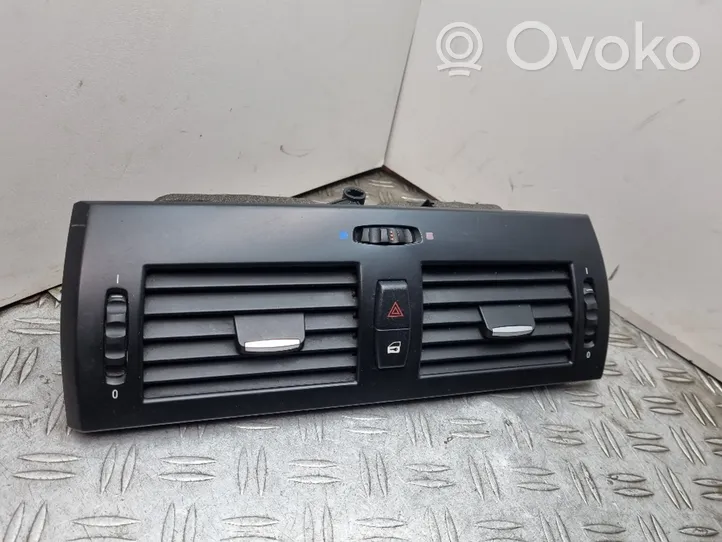 BMW X3 E83 Rejilla de ventilación central del panel 3415965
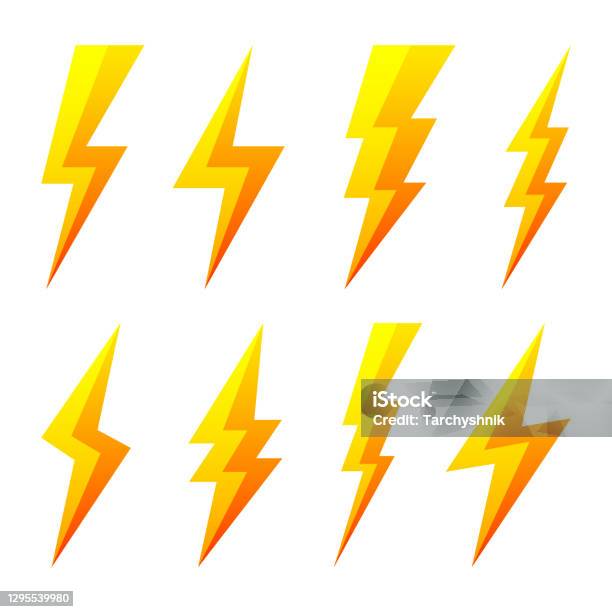 Gelbe Blitzsymbole Isoliert Auf Weißem Hintergrund Blitzsymbol Blitz Einfaches Blitzeinschlagsschild Vektorillustration Stock Vektor Art und mehr Bilder von Gewitterblitz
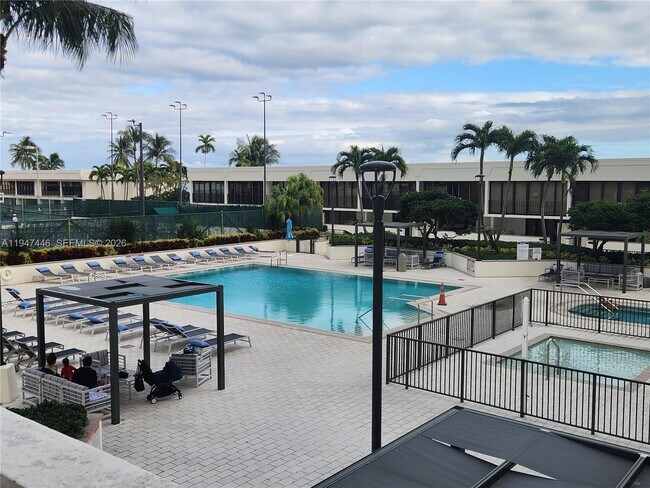 Building Photo - 1925 Brickell Ave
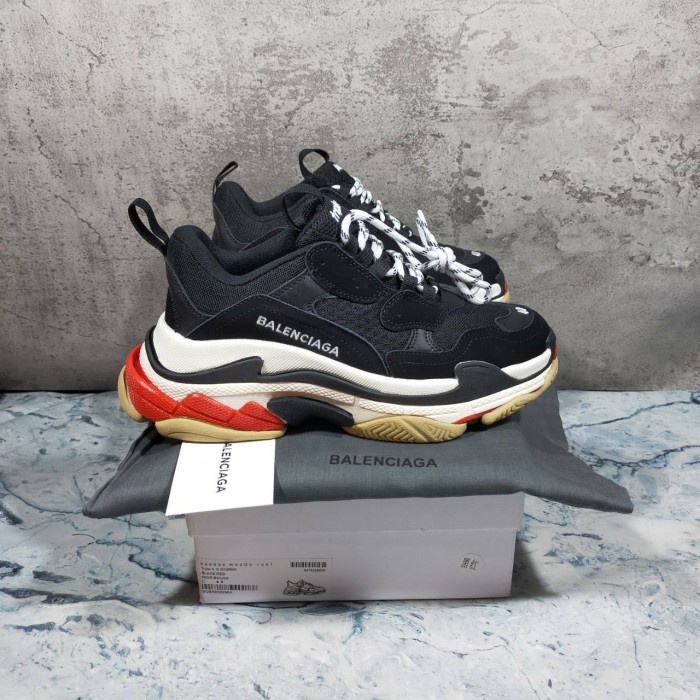 SEPATU BALENCIAGA TRIPLE S ORIGINAL QUALITY - Hitam, 37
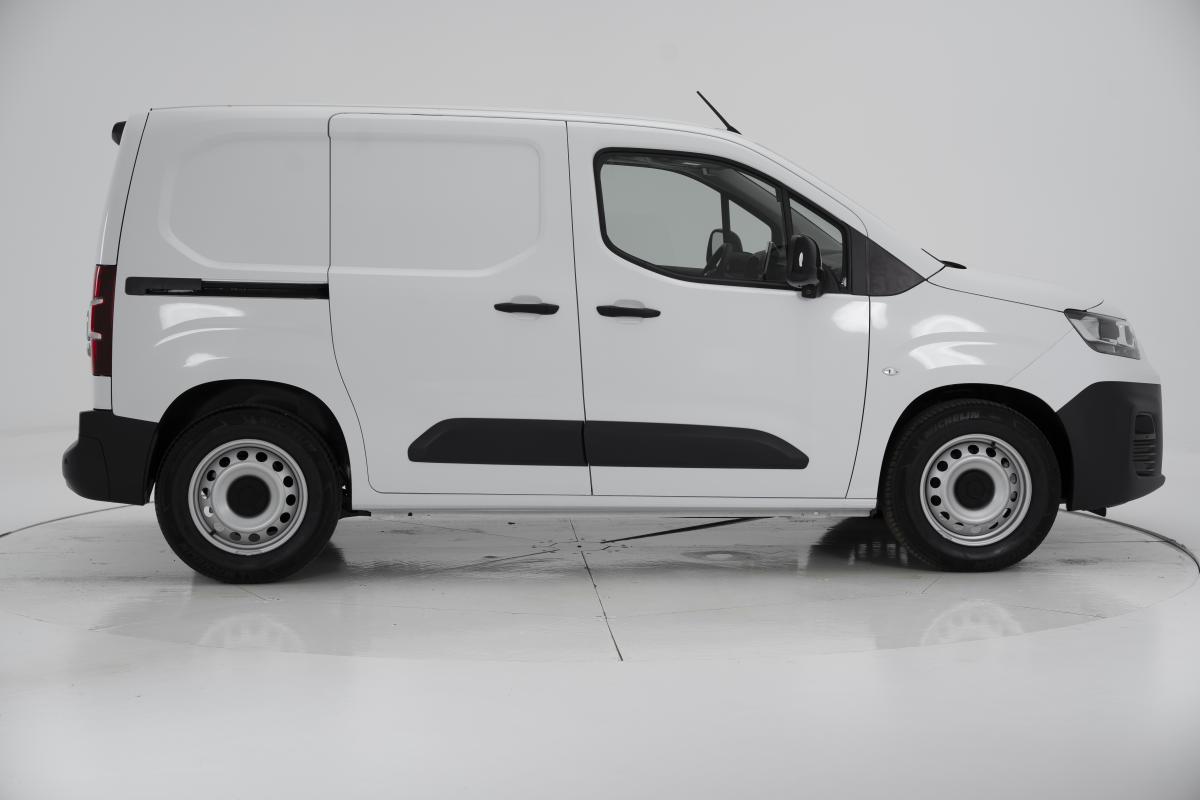 fiat-doblo-2023-eletrico-0cc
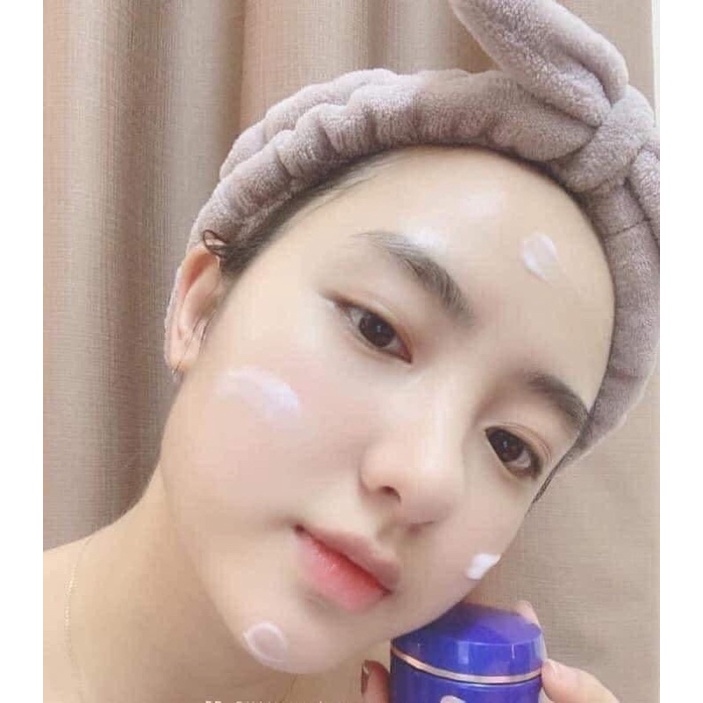 Kem Dưỡng Trắng Da Meishoku Place Whitening Essence Cream 55ml Nhật Bản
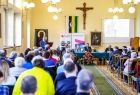 Aula wypełniona ludźmi.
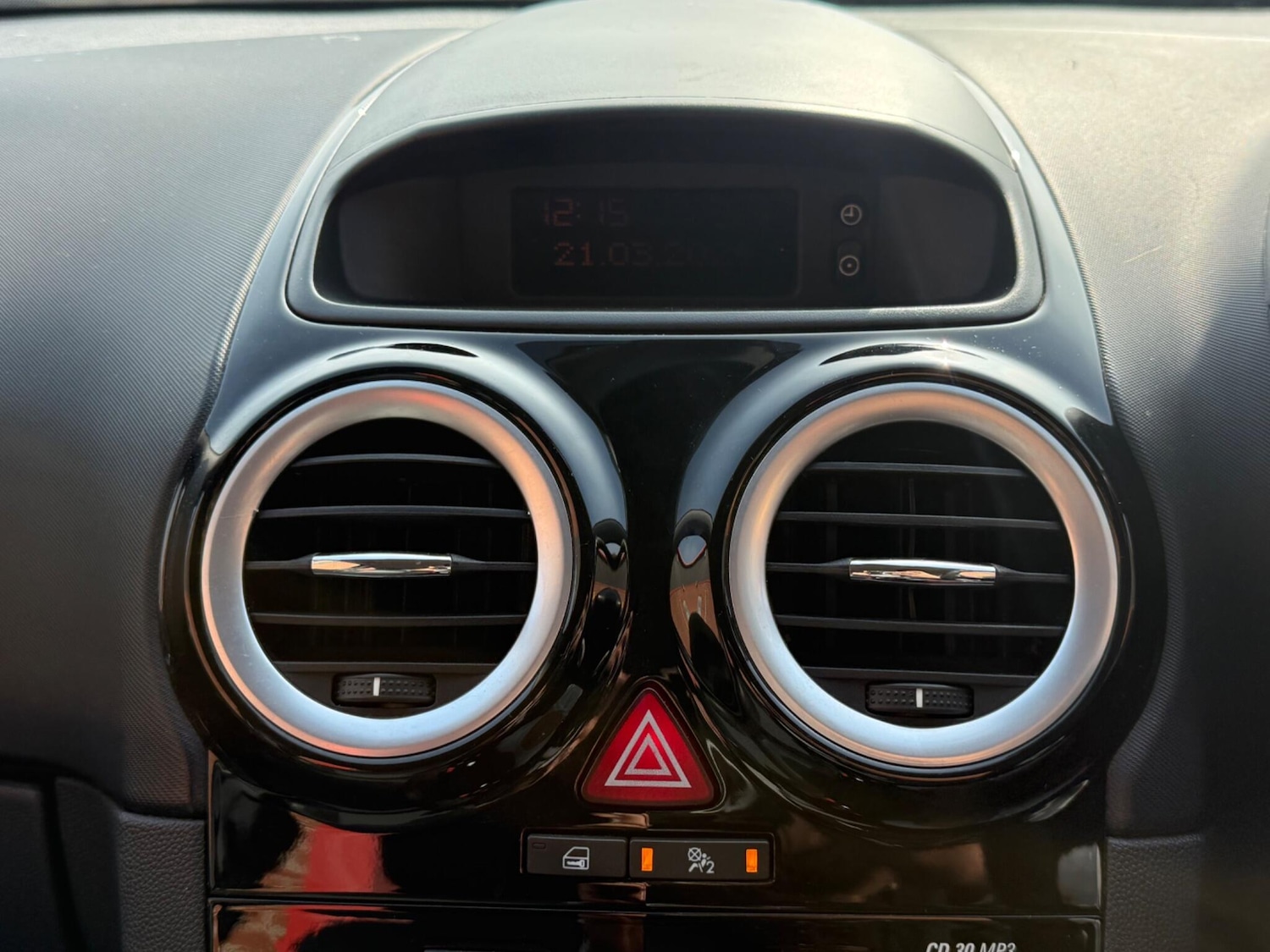 Used Vauxhall Corsa for sale - 77978340: Photo 16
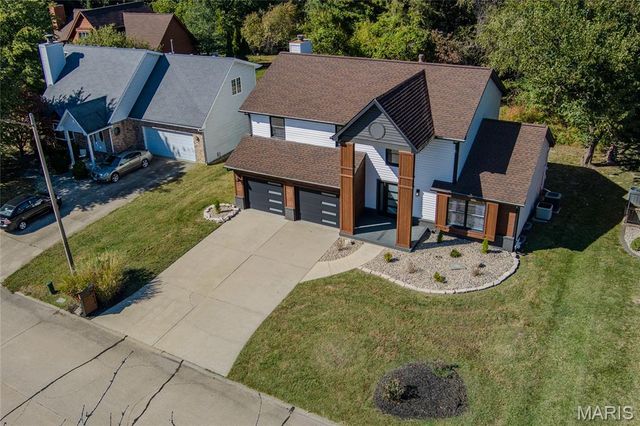 1413 Lantz Court, Edwardsville, IL 62025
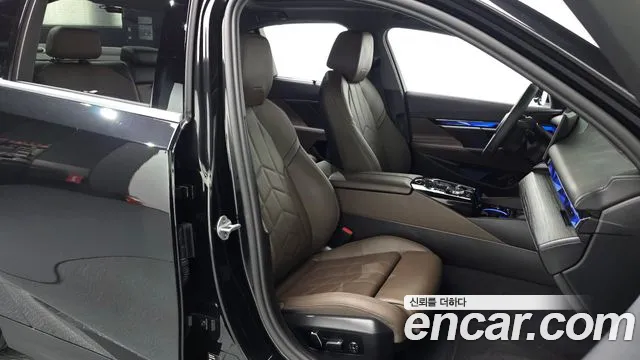 BMW i5 — Фото автомобиля 20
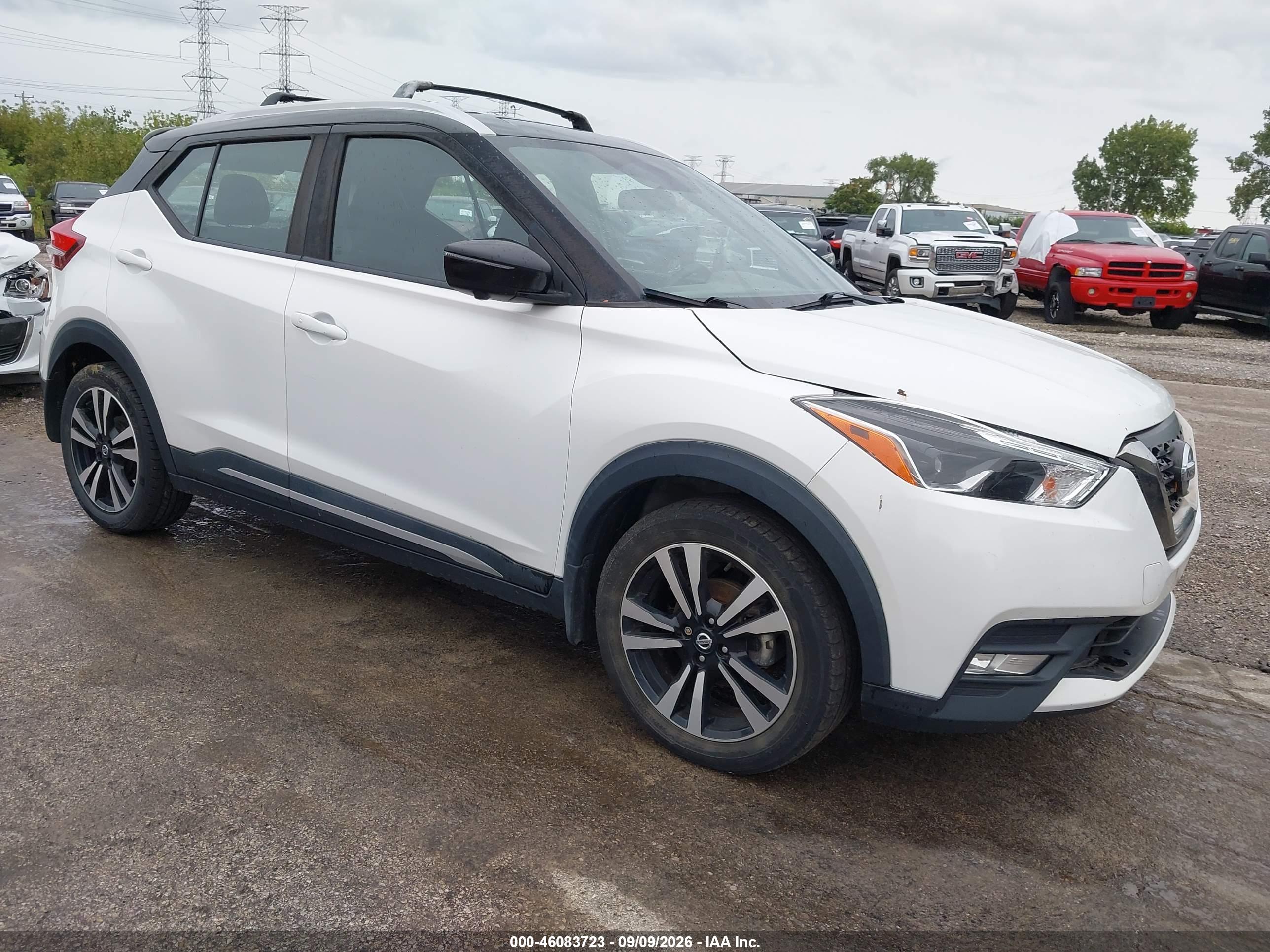 2018 NISSAN KICKS SR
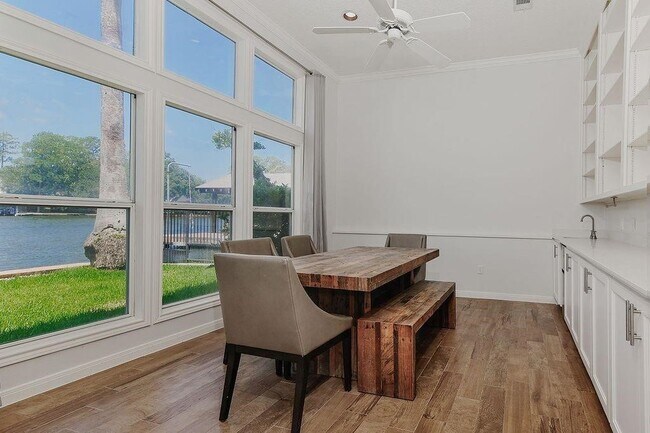 Building Photo - 12374 Lake Vista Dr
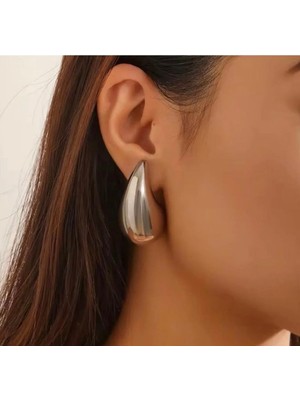 Damla Model Gümüş Rengi Çelik Şık Küpe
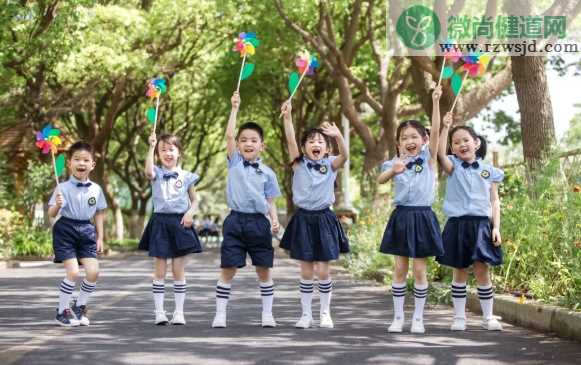 幼儿园大班毕业汇演邀请函 2019幼儿园毕业汇演邀请函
------------------------------------------------------------------------
What the exercise asks: Return the records verbatim, minus pictures.

Task result:
 BMW X3 E83 Rejilla de ventilación central del panel 3415965
 Gelbe Blitzsymbole Isoliert Auf Weißem Hintergrund Blitzsymbol Blitz Einfaches Blitzeinschlagsschild Vektorillustration Stock Vektor Art und mehr Bilder von Gewitterblitz
 Building Photo - 1925 Brickell Ave
 SEPATU BALENCIAGA TRIPLE S ORIGINAL QUALITY - Hitam, 37
 fiat-doblo-2023-eletrico-0cc
 Kem Dưỡng Trắng Da Meishoku Place Whitening Essence Cream 55ml Nhật Bản
 Aula wypełniona ludźmi.
 Used Vauxhall Corsa for sale - 77978340: Photo 16
 1413 Lantz Court, Edwardsville, IL 62025
 BMW i5 — Фото автомобиля 20
 2018 NISSAN KICKS SR
 Building Photo - 12374 Lake Vista Dr
 Damla Model Gümüş Rengi Çelik Şık Küpe
 幼儿园大班毕业汇演邀请函 2019幼儿园毕业汇演邀请函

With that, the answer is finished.